平均健康寿命の延伸と情報技術の急速な革新・進歩により、今後はライフスタイルの変化に応じて、いくつもの生業を持ちながら私生活も仕事も楽しむ柔軟な働き方や生き方が求められていくと言われている。新たな知識やスキルを学び直すことは、より自分らしく生きるための選択肢を増やして、人生の幅を広げることにつながる。
生涯学習やリスキリングとの違い
リカレント教育と生涯学習の大きな違いは、その目的にある。リカレント教育が、仕事やキャリアに活かすことを目的とするのに対して、生涯学習は、生きがいや趣味活動も含めて、豊かな人生を送ることを主眼としている。
リカレント教育、生涯学習、リスキリングの特徴と違いを端的にまとめると、以下のようになる。
・リカレント教育
社会人になった後にもう一度教育機関や支援を活用して学び直すこと
・生涯学習
就職やキャリアに限らず、趣味やボランティア活動などの「生きがい」に繋がる内容も含めた学習全般
・リスキリング
新しい専門分野の教育を受けて、スキルを習得し直すこと
リカレント教育を受けるメリットとは
リカレント教育を通じて新たなスキルが身につけば、仕事の選択の幅が広がり、将来をより安心して過ごせるようになるだろう。

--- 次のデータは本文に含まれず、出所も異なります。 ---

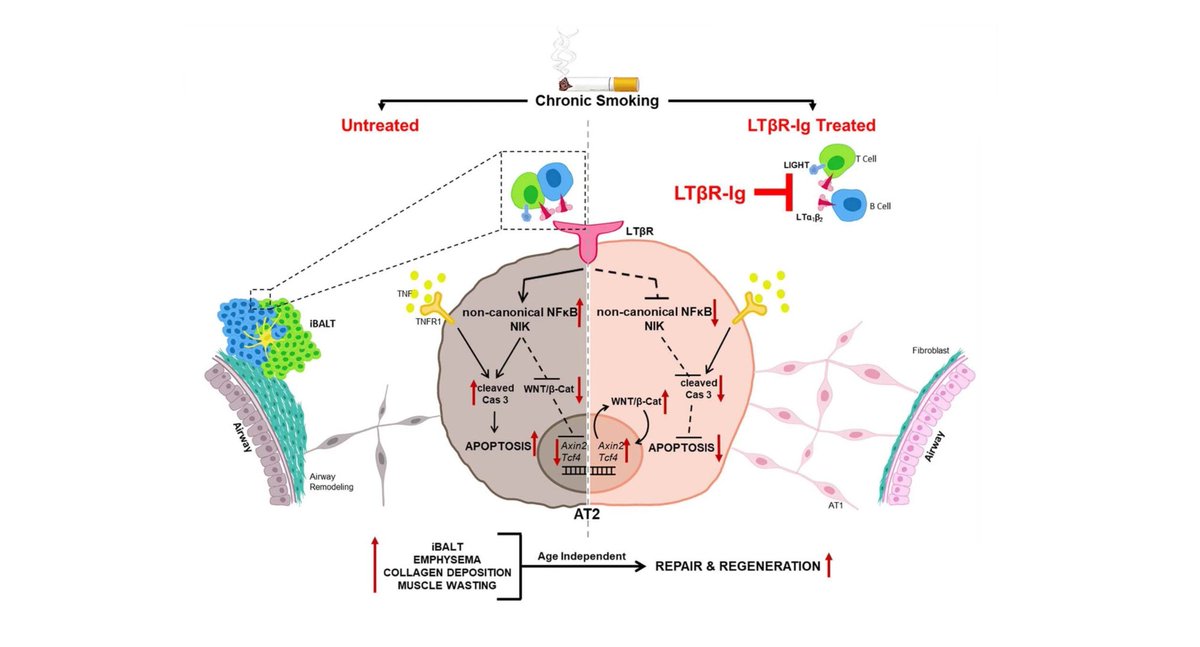organoidscience's tweet photo. 👨‍⚕️ Drs. Ali Önder Yildirim (@AlionderCPC) and Mathias Heikenwälder (@CancerInflam) demonstrated increased expression of LTβR ligands in adaptive and innate immune cells from patients with smoking-associated #COPD. #organoids

New in @nature | https://t.co/iMx8qIgHUI https://t.co/dnkPuKSxxX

具体的には、「今の仕事の専門性を磨いてキャリアの幅や年収向上を目指したい」「未経験分野でも正社員に応募できるようなスキルを身に付けたい」「休職中にライフプランを見直して、理想のセカンドキャリアに踏み出したい」といった考えを持つ人にマッチする選択肢といえる。
主なリカレント教育支援
学費の負担や勉強時間の捻出へのハードルの高さから、学びを最後まで続けられるかどうか不安を抱く方も少なくないだろう。しかし近年では、さまざまなリカレント教育機関における公的支援が設けられている。
主なキャリア相談の機関や経済的支援制度の事例は、以下の通り。
・教育訓練給付金
・高等教育訓練促進給付金
・キャリアコンサルティング
・公的職業訓練(ハロートレーニング)
・非正規雇用・失業中の市民向け就職・転職支援の大学リカレント教育推進事業
給付金や無料相談窓口、講座などを積極的に活用することも検討しよう。
日本におけるリカレント教育には課題も多い
日本のリカレント教育の取り組みには、まだまだ多くの課題もある。例えば、「社会人が学びの時間を十分に確保するための仕組みづくり」や「休職・退職者の復職支援」などが挙げられる。日本では、一度キャリアが途絶えると復職が難しくなるケースが少なくない。また、リカレント教育に対する職場の理解を得ることが難しいという方も多い現状がある。
会社員として働きながら、効率良くかつ体系的に必要な専門スキルを学び直し、今後のライフキャリアに活かすためには「カリキュラムの内容整備」も重要だ。また、社員に必要なスキルニーズの最適化を図るためには、企業と教育機関の連携強化も求められる。
※データは2023年4月上旬時点のもの。